### Work to complete
Would you please transcribe the records below from the line with "Toshiba 32GB USB" through their final line, exactly and with no other lines?

____ Exercise data

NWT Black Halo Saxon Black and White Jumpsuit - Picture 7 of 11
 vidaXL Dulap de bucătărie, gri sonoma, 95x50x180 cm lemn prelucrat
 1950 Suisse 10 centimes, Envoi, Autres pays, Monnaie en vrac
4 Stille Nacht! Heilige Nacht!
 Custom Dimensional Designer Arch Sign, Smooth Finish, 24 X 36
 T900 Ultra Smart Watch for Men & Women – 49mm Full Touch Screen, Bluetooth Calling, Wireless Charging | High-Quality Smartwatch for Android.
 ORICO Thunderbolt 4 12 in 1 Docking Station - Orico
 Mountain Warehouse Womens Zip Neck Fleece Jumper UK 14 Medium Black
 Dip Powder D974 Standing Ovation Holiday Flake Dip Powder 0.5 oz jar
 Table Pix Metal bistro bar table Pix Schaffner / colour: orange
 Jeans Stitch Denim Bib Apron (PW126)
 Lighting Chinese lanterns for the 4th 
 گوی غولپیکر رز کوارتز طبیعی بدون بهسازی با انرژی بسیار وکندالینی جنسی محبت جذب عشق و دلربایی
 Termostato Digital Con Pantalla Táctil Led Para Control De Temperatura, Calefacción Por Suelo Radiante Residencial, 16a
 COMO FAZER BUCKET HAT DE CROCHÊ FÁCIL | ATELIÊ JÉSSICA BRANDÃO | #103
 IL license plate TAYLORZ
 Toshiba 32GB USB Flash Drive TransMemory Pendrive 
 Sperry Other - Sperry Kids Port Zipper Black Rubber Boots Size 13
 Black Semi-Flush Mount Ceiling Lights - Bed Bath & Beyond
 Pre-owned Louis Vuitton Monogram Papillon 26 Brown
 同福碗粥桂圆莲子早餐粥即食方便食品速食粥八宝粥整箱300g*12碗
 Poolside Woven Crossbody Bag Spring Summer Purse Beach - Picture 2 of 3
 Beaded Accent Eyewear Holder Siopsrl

________

### Result
 Toshiba 32GB USB Flash Drive TransMemory Pendrive 
 Sperry Other - Sperry Kids Port Zipper Black Rubber Boots Size 13
 Black Semi-Flush Mount Ceiling Lights - Bed Bath & Beyond
 Pre-owned Louis Vuitton Monogram Papillon 26 Brown
 同福碗粥桂圆莲子早餐粥即食方便食品速食粥八宝粥整箱300g*12碗
 Poolside Woven Crossbody Bag Spring Summer Purse Beach - Picture 2 of 3
 Beaded Accent Eyewear Holder Siopsrl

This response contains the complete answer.